YOUR OBJECTIVE: What you give back from the listing below should be an exact copy of the lines from the one with "So I pulled" down to the one with "Exercises for knee", and it should contain no pictures.

DATA FOR ANALYSIS:
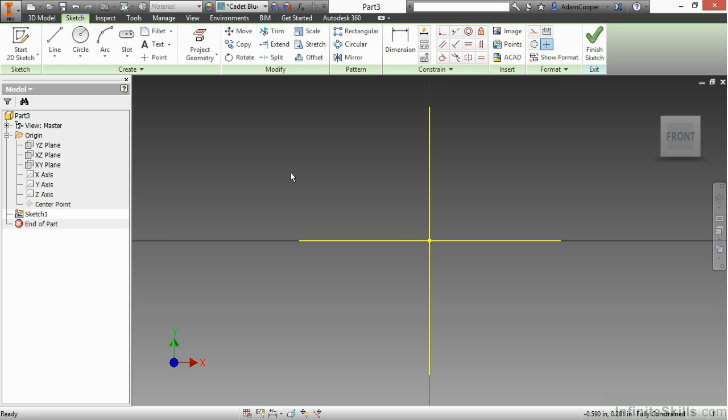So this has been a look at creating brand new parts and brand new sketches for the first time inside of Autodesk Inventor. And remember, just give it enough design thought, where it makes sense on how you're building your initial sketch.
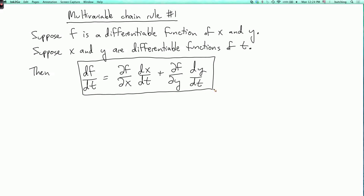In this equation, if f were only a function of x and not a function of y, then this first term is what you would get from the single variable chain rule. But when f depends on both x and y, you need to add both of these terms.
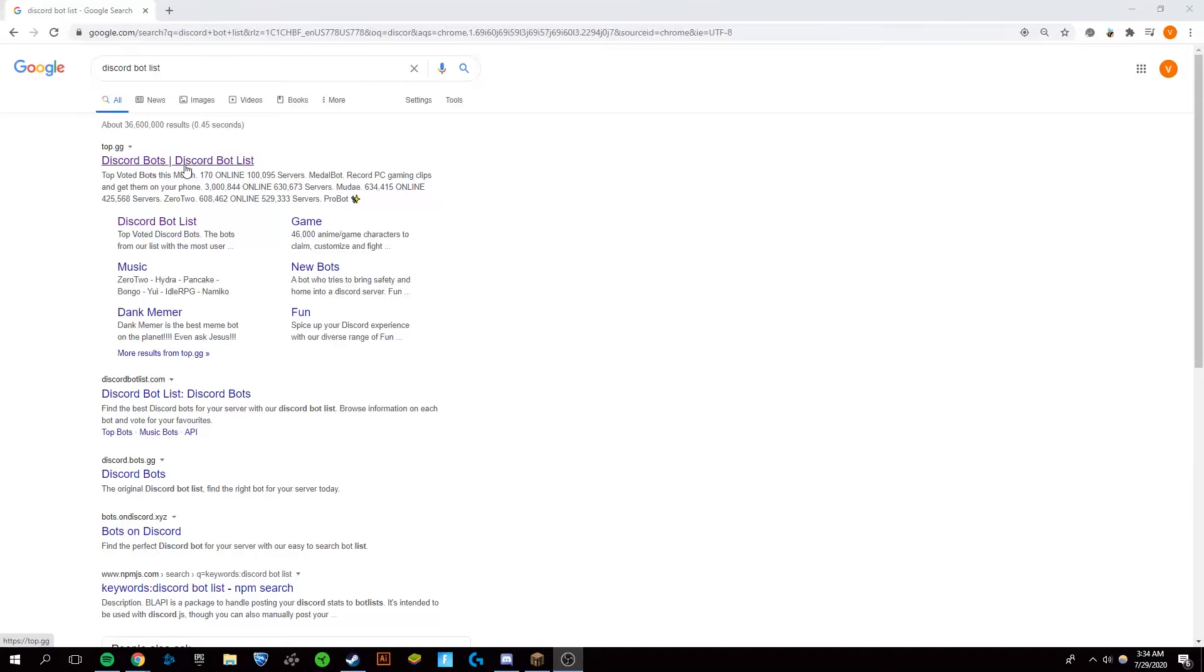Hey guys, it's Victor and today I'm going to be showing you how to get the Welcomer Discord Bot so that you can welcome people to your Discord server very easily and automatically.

--

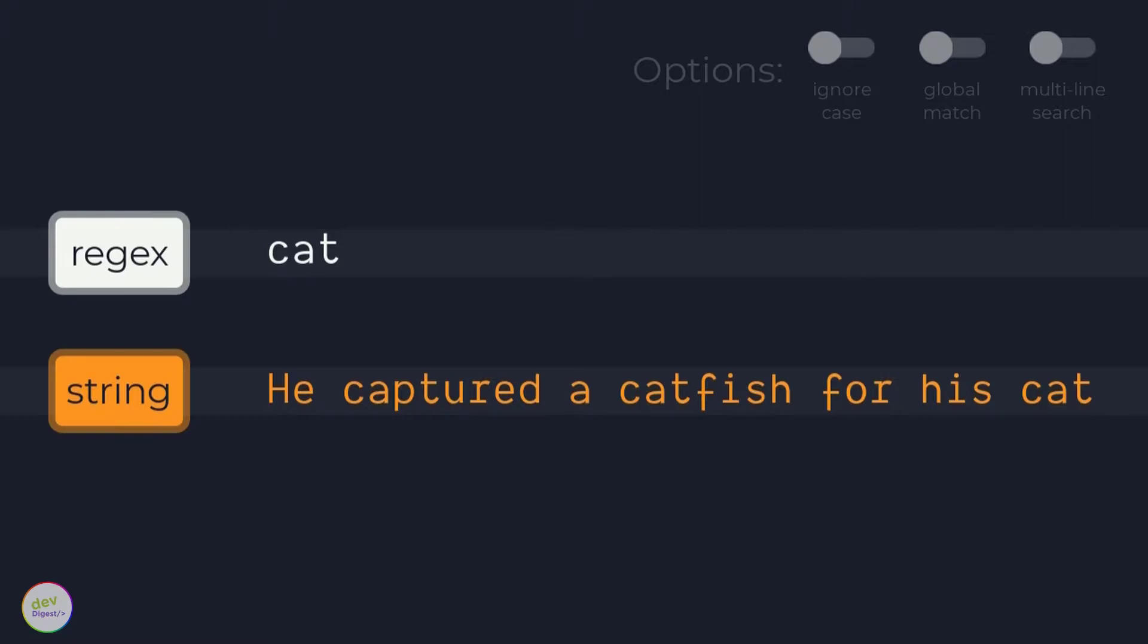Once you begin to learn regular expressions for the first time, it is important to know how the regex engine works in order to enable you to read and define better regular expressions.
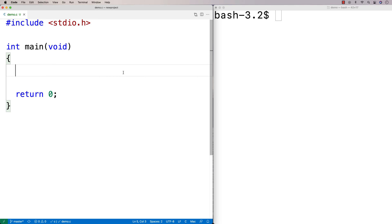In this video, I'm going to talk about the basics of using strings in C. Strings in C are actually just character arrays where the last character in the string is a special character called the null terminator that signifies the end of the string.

--

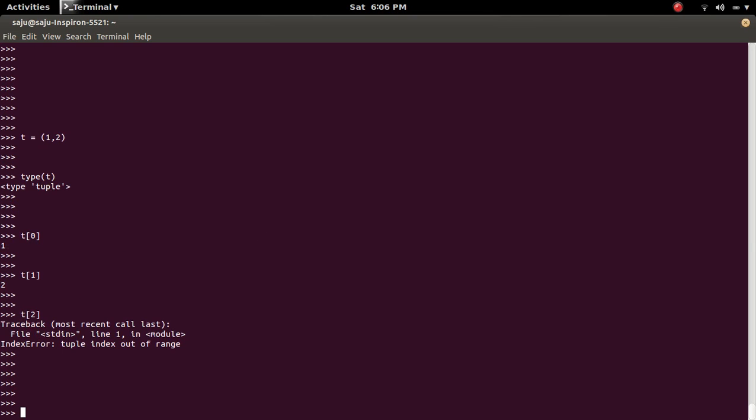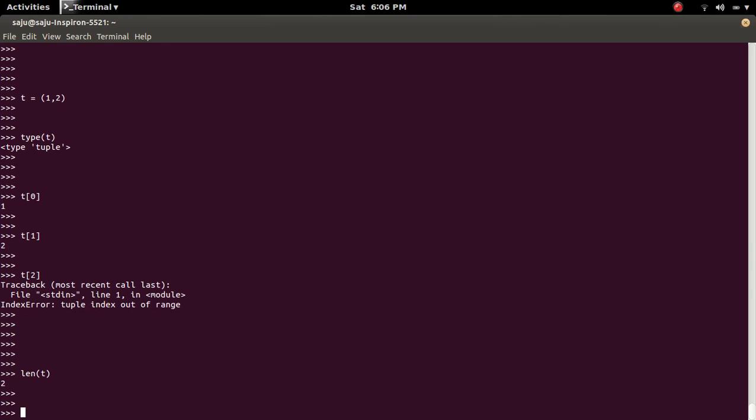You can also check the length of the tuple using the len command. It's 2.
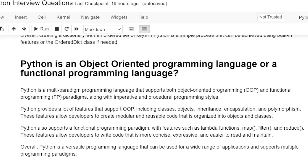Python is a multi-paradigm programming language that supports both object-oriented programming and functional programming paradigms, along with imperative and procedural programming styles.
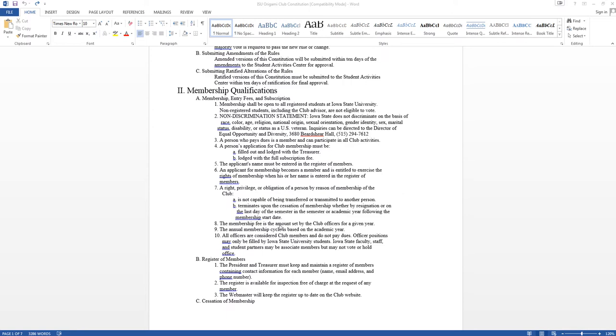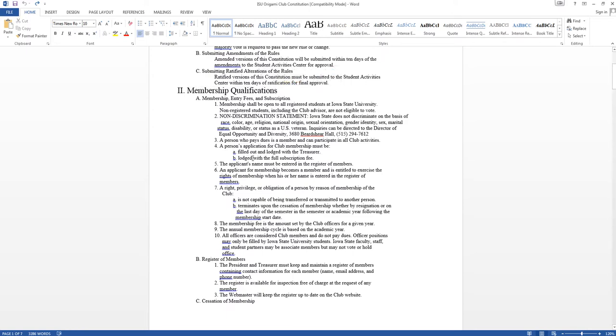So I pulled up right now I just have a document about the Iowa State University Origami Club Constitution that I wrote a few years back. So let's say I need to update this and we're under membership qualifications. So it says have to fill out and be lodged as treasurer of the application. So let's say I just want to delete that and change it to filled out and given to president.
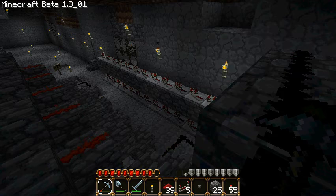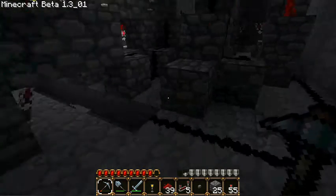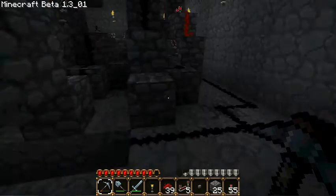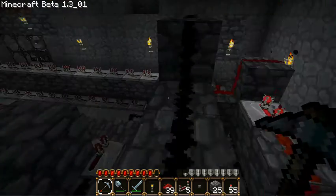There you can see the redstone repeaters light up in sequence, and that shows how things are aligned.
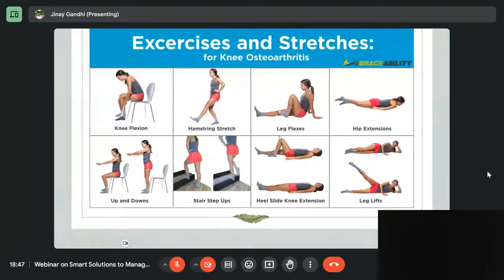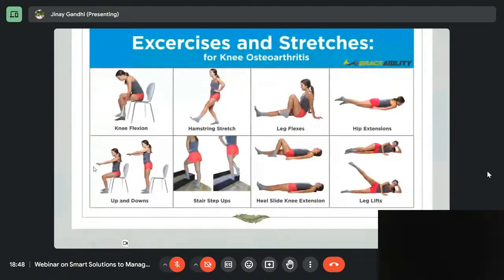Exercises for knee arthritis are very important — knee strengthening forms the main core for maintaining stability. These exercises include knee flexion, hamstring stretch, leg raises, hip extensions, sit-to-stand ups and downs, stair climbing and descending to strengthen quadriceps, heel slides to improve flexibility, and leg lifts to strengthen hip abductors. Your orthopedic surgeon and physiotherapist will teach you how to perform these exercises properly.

TASK OUTPUT:
So I pulled up right now I just have a document about the Iowa State University Origami Club Constitution that I wrote a few years back. So let's say I need to update this and we're under membership qualifications. So it says have to fill out and be lodged as treasurer of the application. So let's say I just want to delete that and change it to filled out and given to president.
There you can see the redstone repeaters light up in sequence, and that shows how things are aligned.
Exercises for knee arthritis are very important — knee strengthening forms the main core for maintaining stability. These exercises include knee flexion, hamstring stretch, leg raises, hip extensions, sit-to-stand ups and downs, stair climbing and descending to strengthen quadriceps, heel slides to improve flexibility, and leg lifts to strengthen hip abductors. Your orthopedic surgeon and physiotherapist will teach you how to perform these exercises properly.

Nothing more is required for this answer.